START Data to process

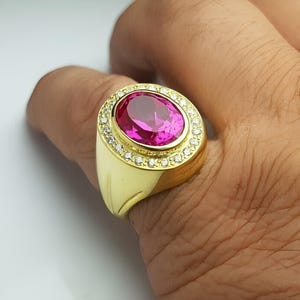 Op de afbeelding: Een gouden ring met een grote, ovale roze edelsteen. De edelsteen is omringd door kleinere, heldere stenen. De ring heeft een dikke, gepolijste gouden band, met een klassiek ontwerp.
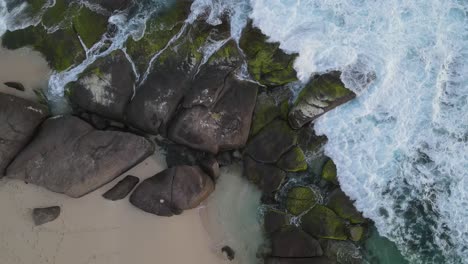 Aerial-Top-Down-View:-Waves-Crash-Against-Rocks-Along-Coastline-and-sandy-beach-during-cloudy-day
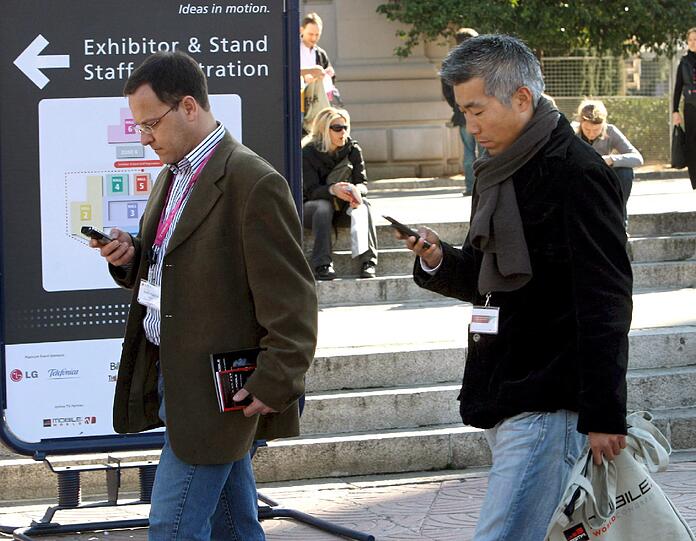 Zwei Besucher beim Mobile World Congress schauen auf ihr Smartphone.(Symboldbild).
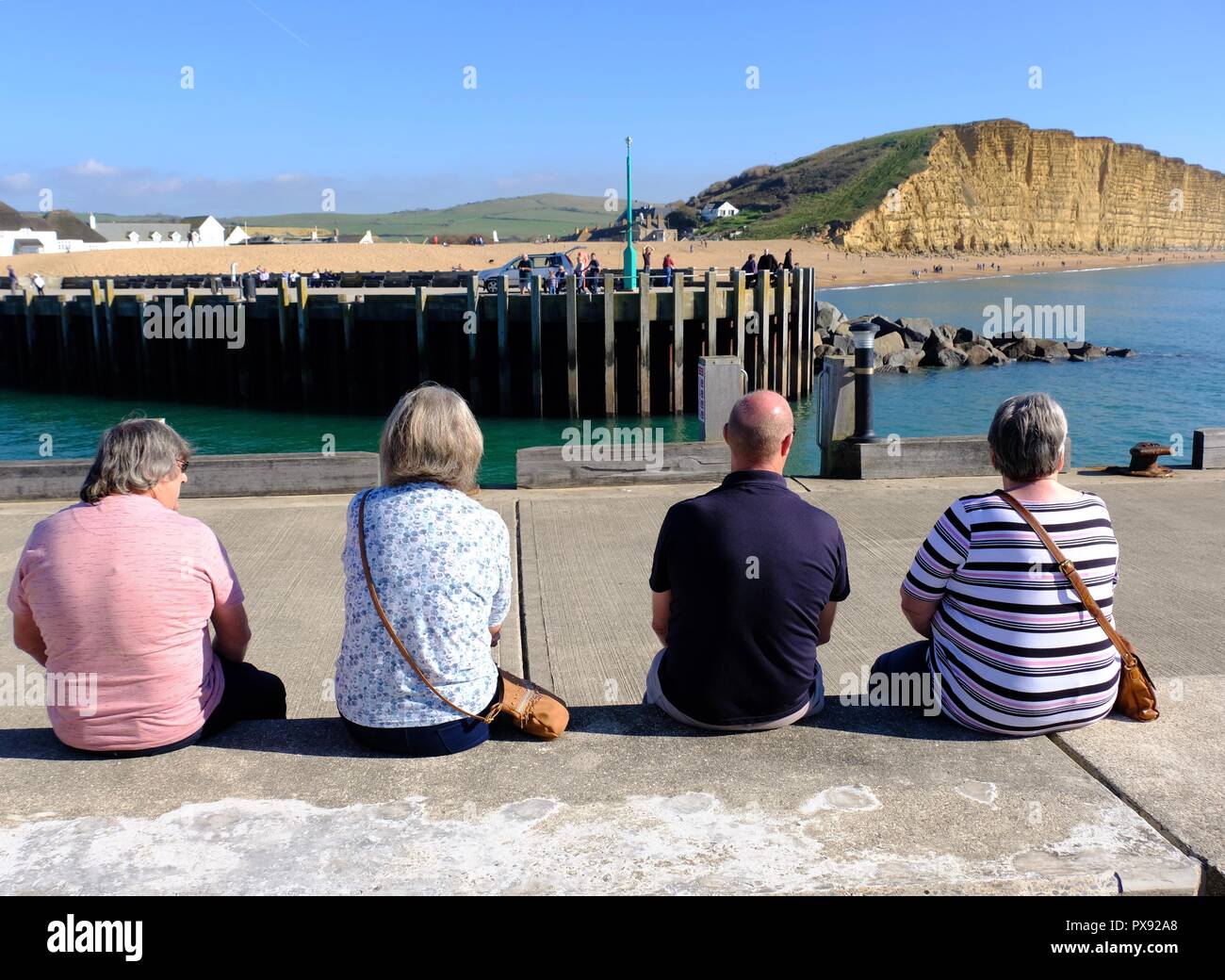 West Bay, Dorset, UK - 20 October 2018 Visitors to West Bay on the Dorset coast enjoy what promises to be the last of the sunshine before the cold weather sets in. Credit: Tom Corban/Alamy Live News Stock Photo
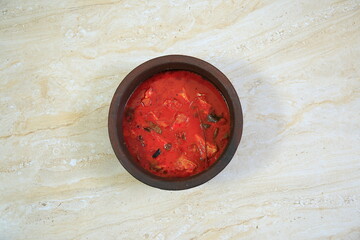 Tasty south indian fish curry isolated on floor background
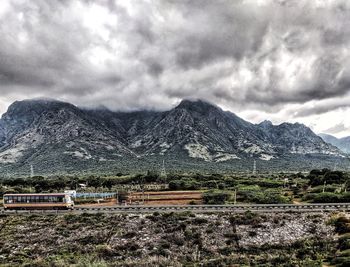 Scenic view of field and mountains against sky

END Data to process

- Exercise goal: Every line above goes into the copy unchanged; the pictures do not.

- Answer to this exercise:
 Op de afbeelding: Een gouden ring met een grote, ovale roze edelsteen. De edelsteen is omringd door kleinere, heldere stenen. De ring heeft een dikke, gepolijste gouden band, met een klassiek ontwerp.
 Aerial-Top-Down-View:-Waves-Crash-Against-Rocks-Along-Coastline-and-sandy-beach-during-cloudy-day
 Zwei Besucher beim Mobile World Congress schauen auf ihr Smartphone.(Symboldbild).
 West Bay, Dorset, UK - 20 October 2018 Visitors to West Bay on the Dorset coast enjoy what promises to be the last of the sunshine before the cold weather sets in. Credit: Tom Corban/Alamy Live News Stock Photo
 Tasty south indian fish curry isolated on floor background
 Scenic view of field and mountains against sky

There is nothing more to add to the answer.